**Your instructions**
Looking at the listing below, retype exactly the lines starting at the one containing "Primary bedroom with king size bed pictured" and ending at the one containing "Fotografie Portrait of", both included, and nothing else.

[Opening Provided records section]

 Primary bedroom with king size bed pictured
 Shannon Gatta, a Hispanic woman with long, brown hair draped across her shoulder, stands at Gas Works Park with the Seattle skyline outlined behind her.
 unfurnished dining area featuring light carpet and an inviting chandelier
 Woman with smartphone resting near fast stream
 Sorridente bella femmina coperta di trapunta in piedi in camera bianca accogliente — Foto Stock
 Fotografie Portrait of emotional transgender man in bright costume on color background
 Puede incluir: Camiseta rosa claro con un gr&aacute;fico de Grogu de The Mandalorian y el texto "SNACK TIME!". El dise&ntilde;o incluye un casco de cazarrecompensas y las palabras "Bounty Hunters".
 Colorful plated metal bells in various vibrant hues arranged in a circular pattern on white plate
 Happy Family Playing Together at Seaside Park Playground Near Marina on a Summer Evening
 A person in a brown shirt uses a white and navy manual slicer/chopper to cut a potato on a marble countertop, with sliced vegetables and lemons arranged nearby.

[Closing Provided records section]
[Opening Provided records section]

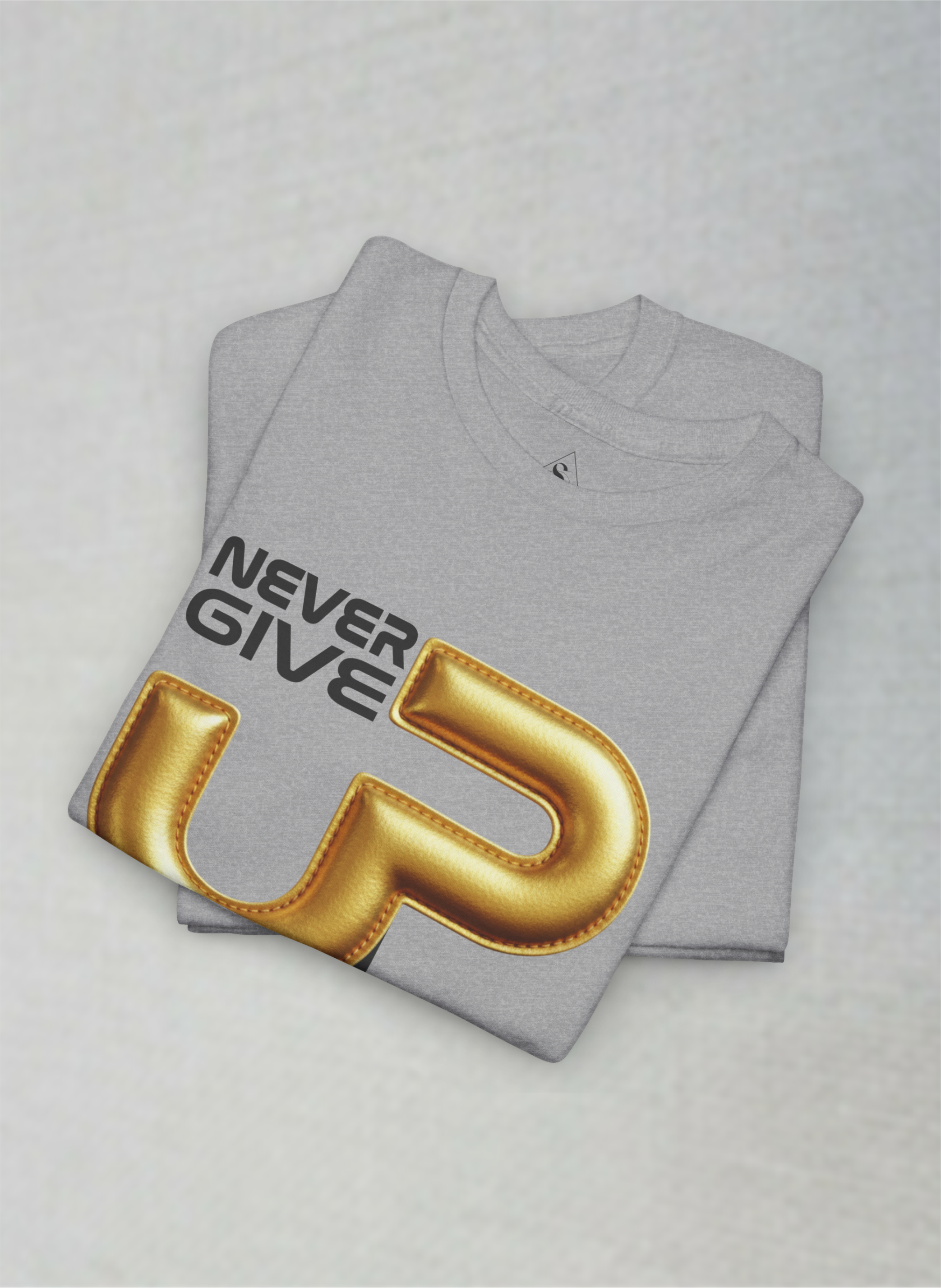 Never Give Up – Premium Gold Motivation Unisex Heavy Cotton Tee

[Closing Provided records section]

**Expected answer**
 Primary bedroom with king size bed pictured
 Shannon Gatta, a Hispanic woman with long, brown hair draped across her shoulder, stands at Gas Works Park with the Seattle skyline outlined behind her.
 unfurnished dining area featuring light carpet and an inviting chandelier
 Woman with smartphone resting near fast stream
 Sorridente bella femmina coperta di trapunta in piedi in camera bianca accogliente — Foto Stock
 Fotografie Portrait of emotional transgender man in bright costume on color background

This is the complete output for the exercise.